===== Data below

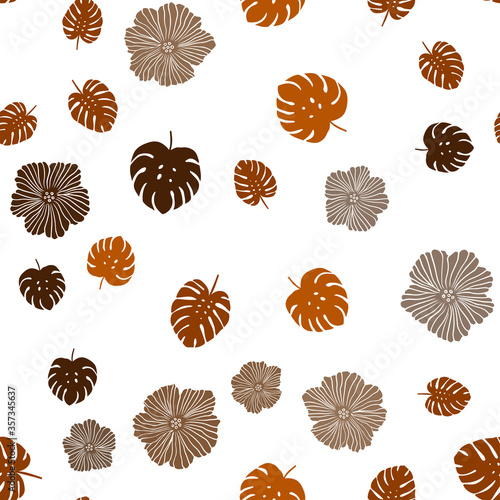 Dark Orange vector seamless elegant template with flowers, leaves.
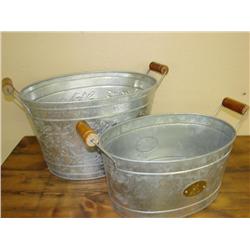 2 Oval Metal Buckets with Wood Handles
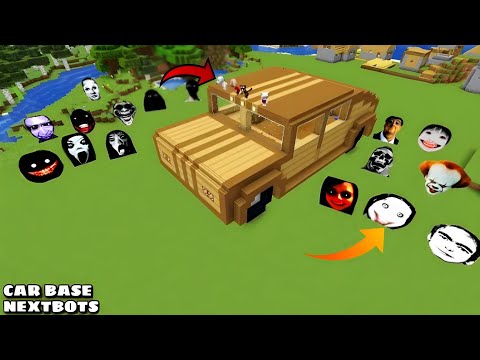 SURVIVAL CAR HOUSE BASE WITH 100 NEXT BOTS 😱 in Minecraft - Gameplay - Coffin meme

==========

Exercise brief:
Transcribe every line from the one containing "2 Oval Metal Buckets with Wood Handles" to the end of the listing, exactly and exclusively. Do not carry any picture over.

Solved problem:
 2 Oval Metal Buckets with Wood Handles
 SURVIVAL CAR HOUSE BASE WITH 100 NEXT BOTS 😱 in Minecraft - Gameplay - Coffin meme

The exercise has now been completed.